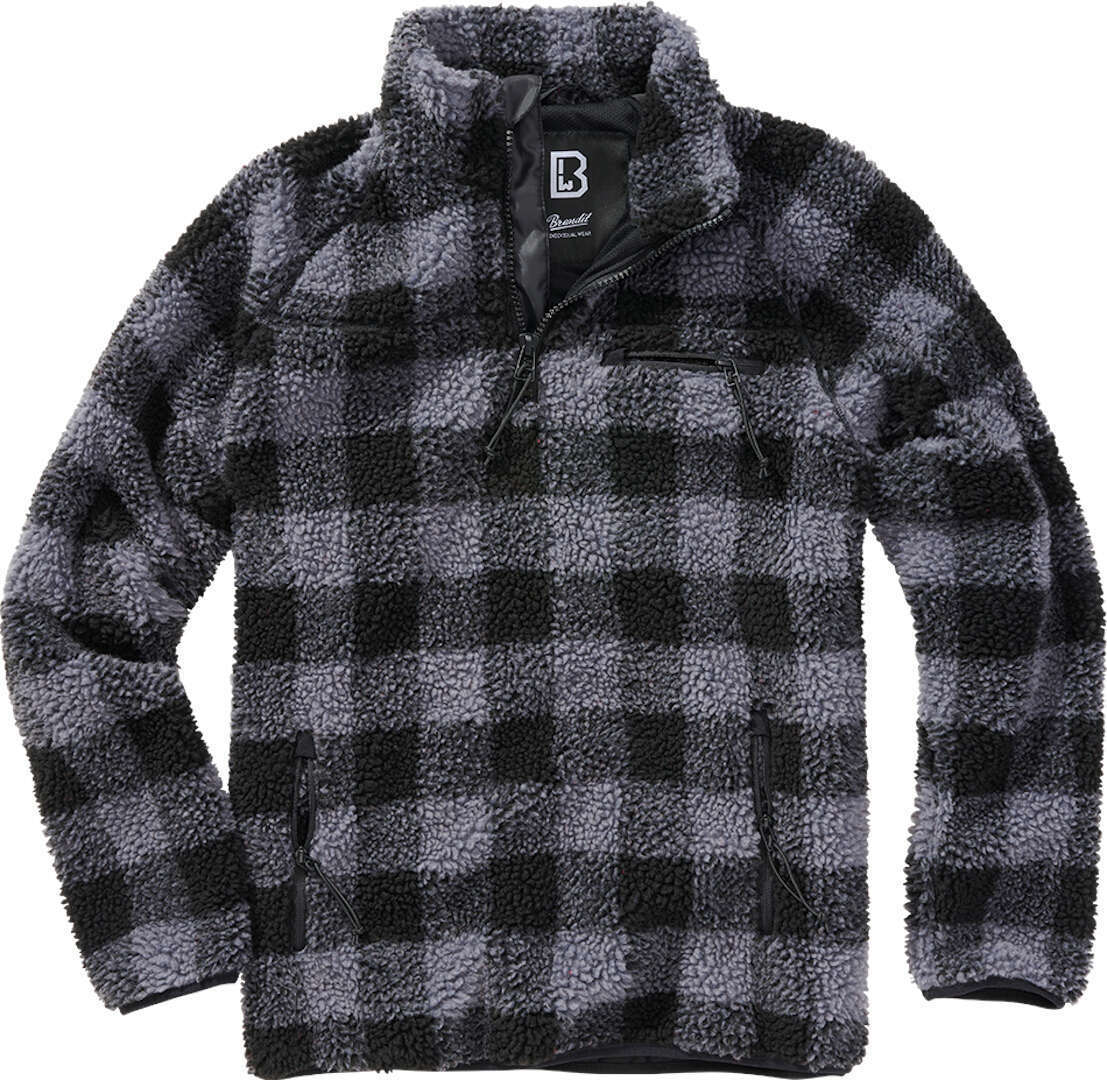 Brandit Teddyfleece Pullover, black-grey, Size S, black-grey, Size S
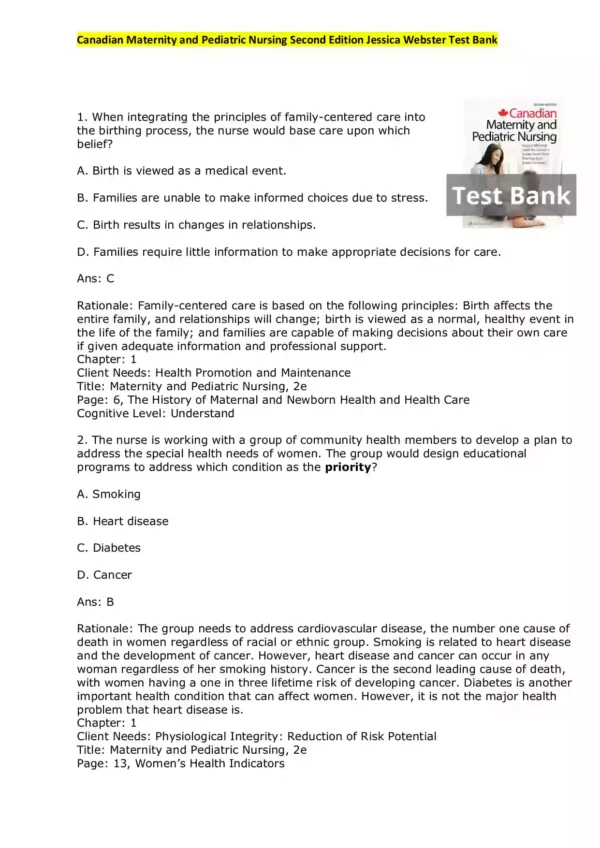 Canadian Maternity and Pediatric Nursing Second Edition Jessica Webster Test Bank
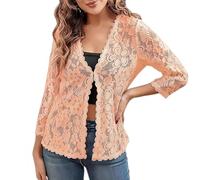 KIJSKKOPO Bolero Transparente De Encaje Floral para Mujer, Cárdigan Negro De Manga 3/4 con Parte Delantera Abierta, Ligero Y Ajustado para Verano, para Vestidos Fiesta Noche Y Boda, Naranja S
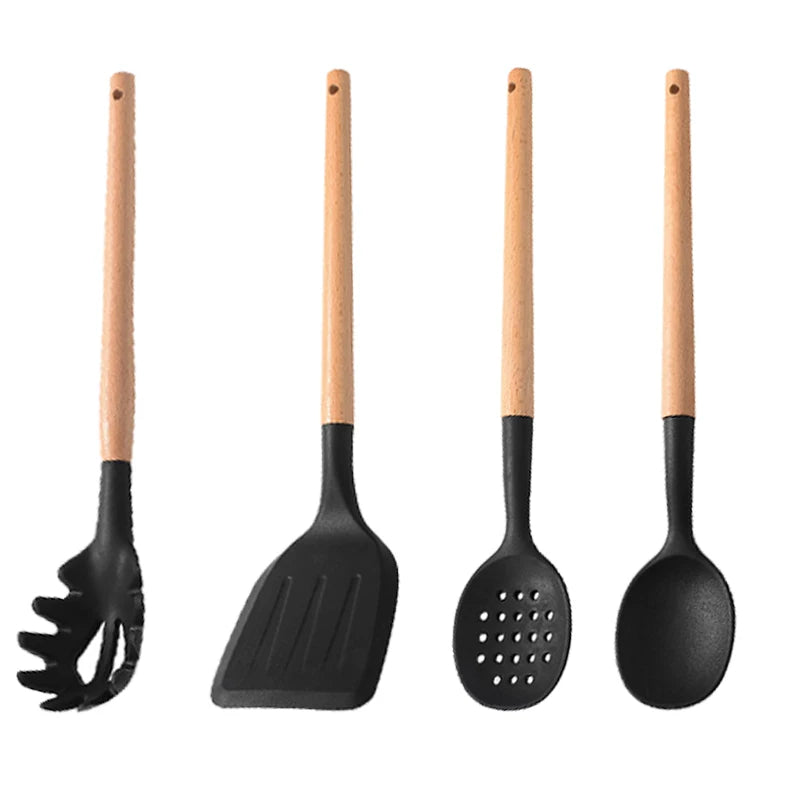 White Silicone Wooden Handle Soup Spoon Spatula Brush
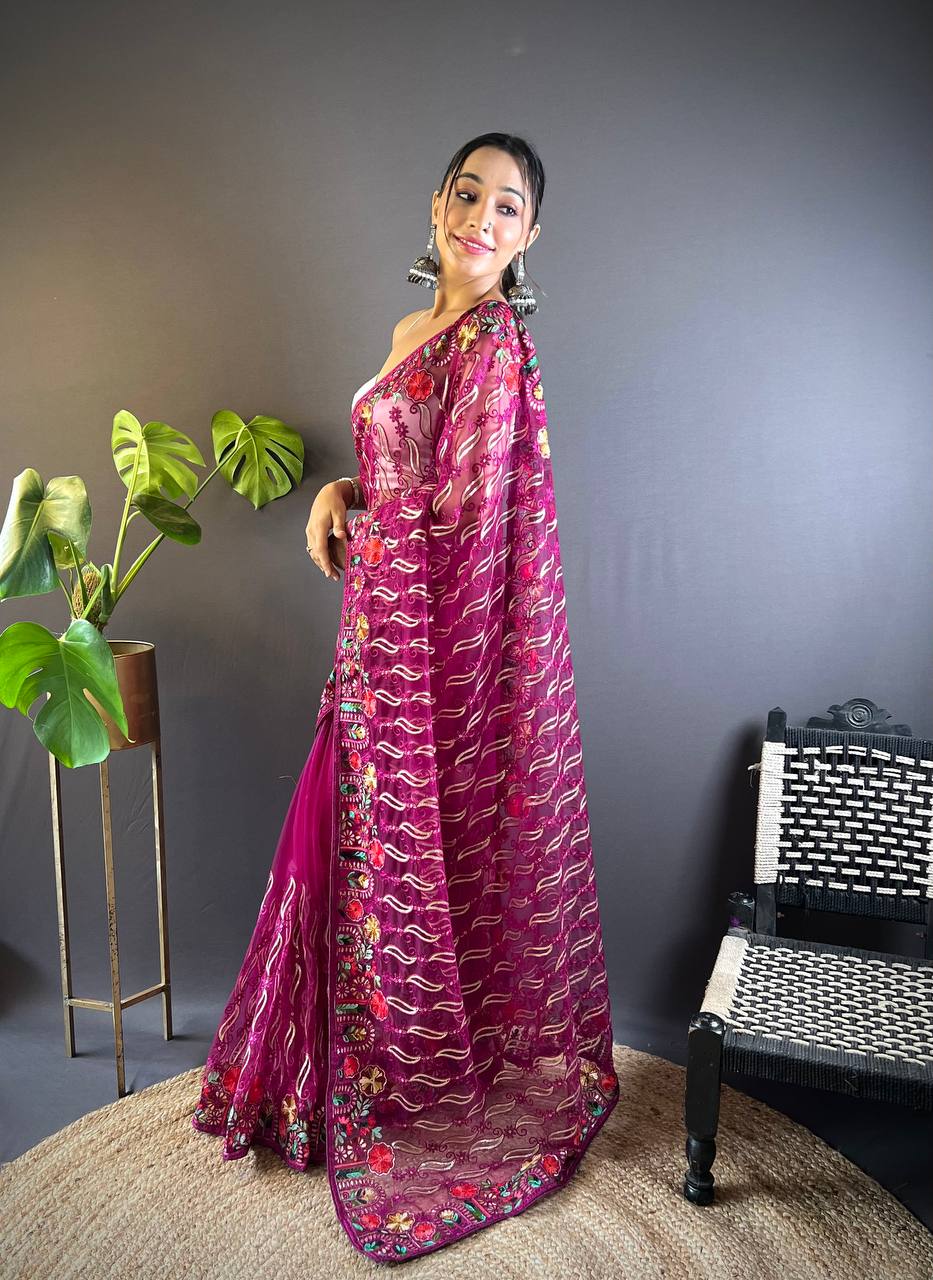 Magenta Designer Butterfly Net Saree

========================

ASSIGNED TASK: Only an exact, picture-free copy of the entries counts as the answer.

WORKED SOLUTION:
 Brandit Teddyfleece Pullover, black-grey, Size S, black-grey, Size S
 Canadian Maternity and Pediatric Nursing Second Edition Jessica Webster Test Bank
 KIJSKKOPO Bolero Transparente De Encaje Floral para Mujer, Cárdigan Negro De Manga 3/4 con Parte Delantera Abierta, Ligero Y Ajustado para Verano, para Vestidos Fiesta Noche Y Boda, Naranja S
 White Silicone Wooden Handle Soup Spoon Spatula Brush
 Magenta Designer Butterfly Net Saree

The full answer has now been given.